# SUPPLIED MATERIAL
++++++++++++++++++++

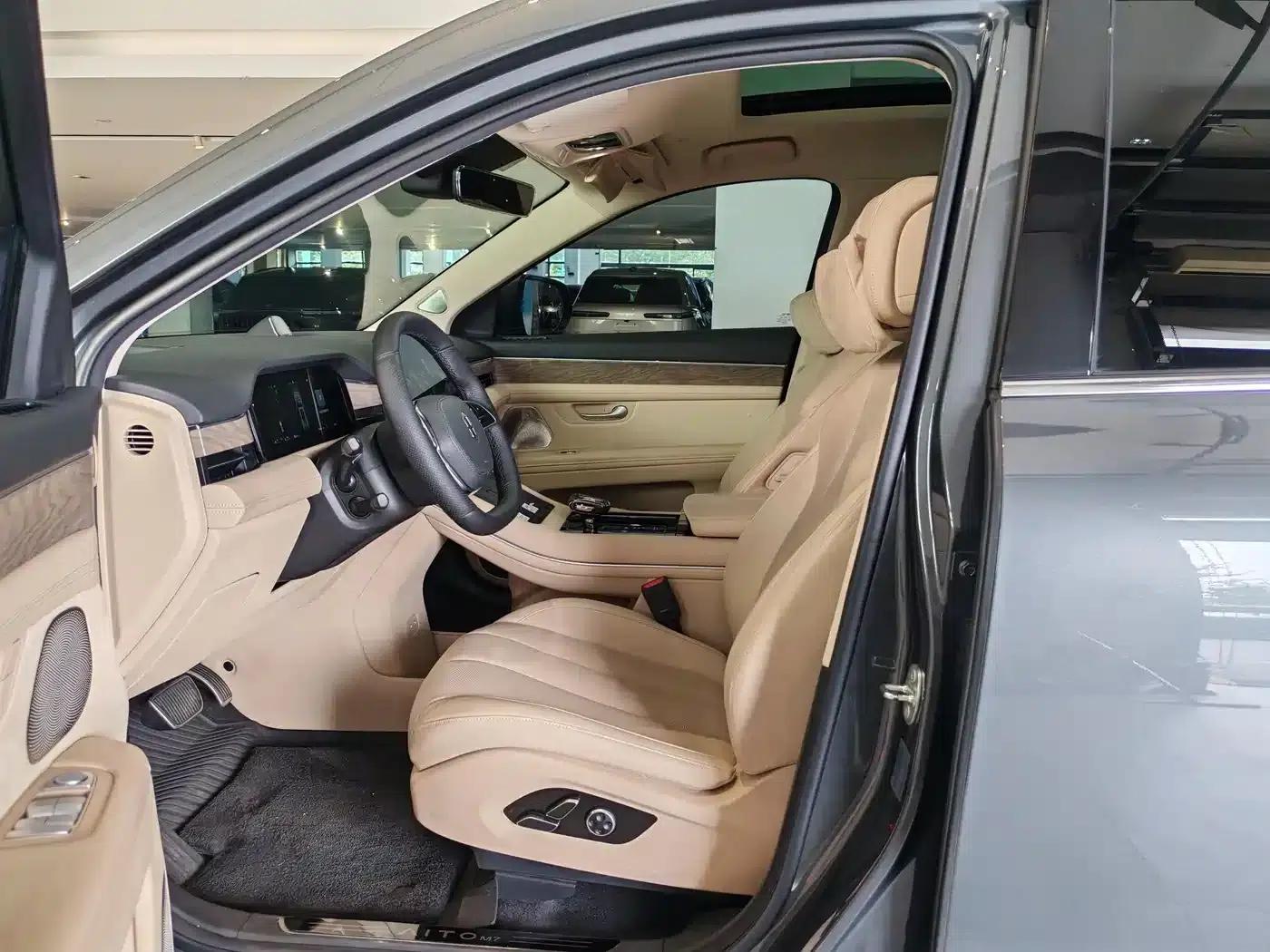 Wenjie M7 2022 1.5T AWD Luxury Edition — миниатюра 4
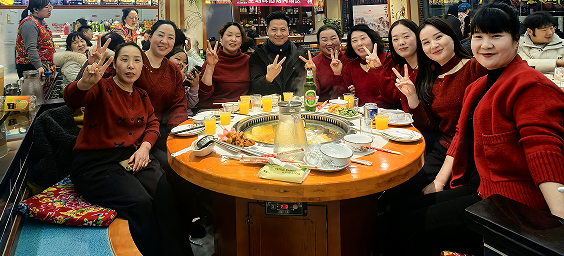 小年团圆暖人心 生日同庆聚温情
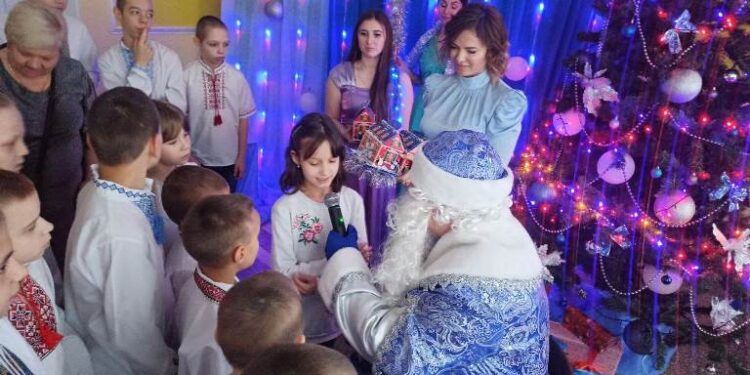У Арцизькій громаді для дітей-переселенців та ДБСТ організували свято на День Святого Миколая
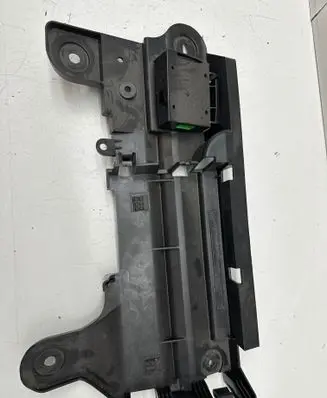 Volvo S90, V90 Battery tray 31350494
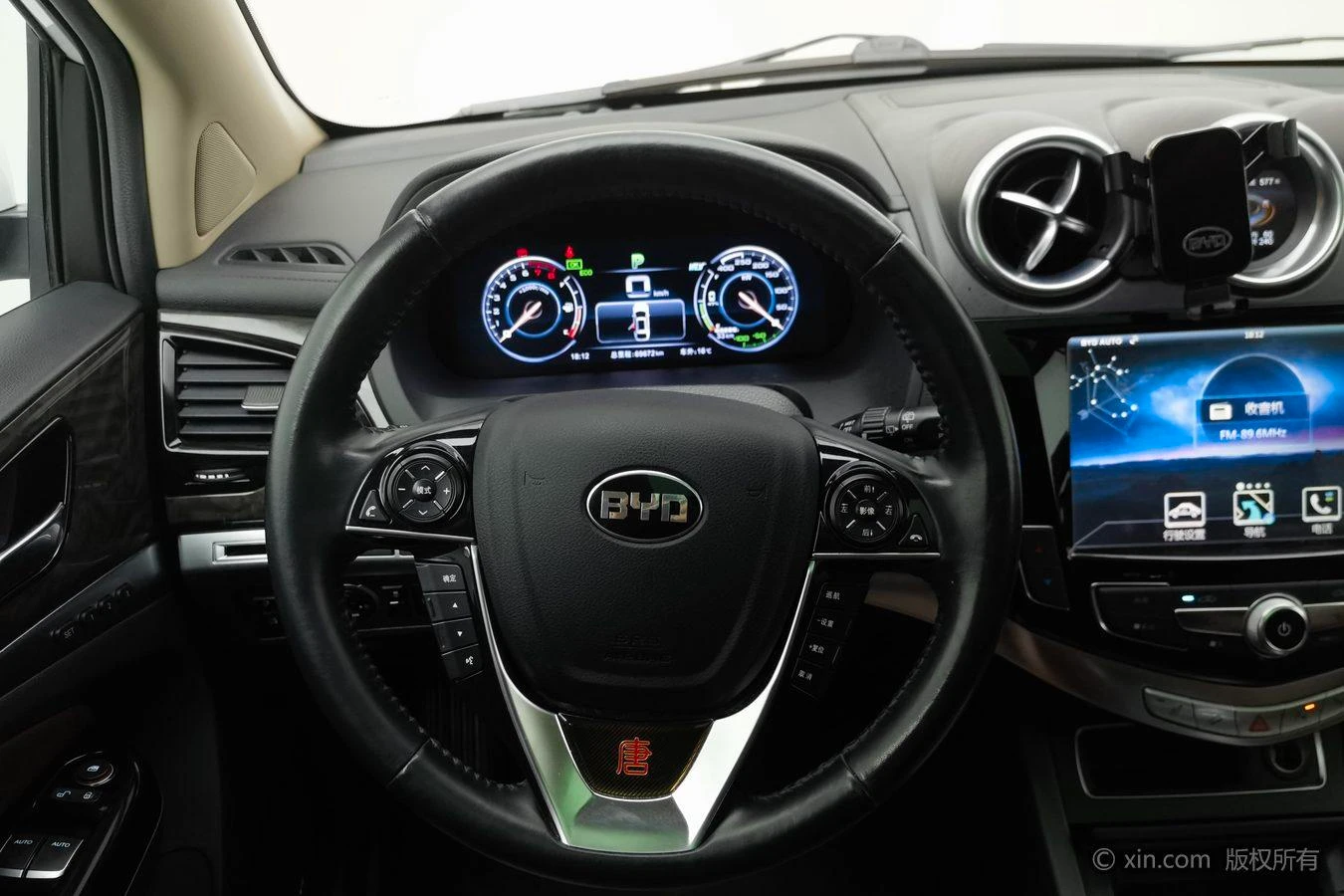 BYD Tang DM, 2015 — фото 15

++++++++++++++++++++

# TASK DIRECTIONS
Repeat the lines of the records verbatim, starting at the line containing "Volvo S90, V90 Battery tray 31350494" and stopping after the final line. Images stay out.

# OUTPUT OF THE TASK
 Volvo S90, V90 Battery tray 31350494
 BYD Tang DM, 2015 — фото 15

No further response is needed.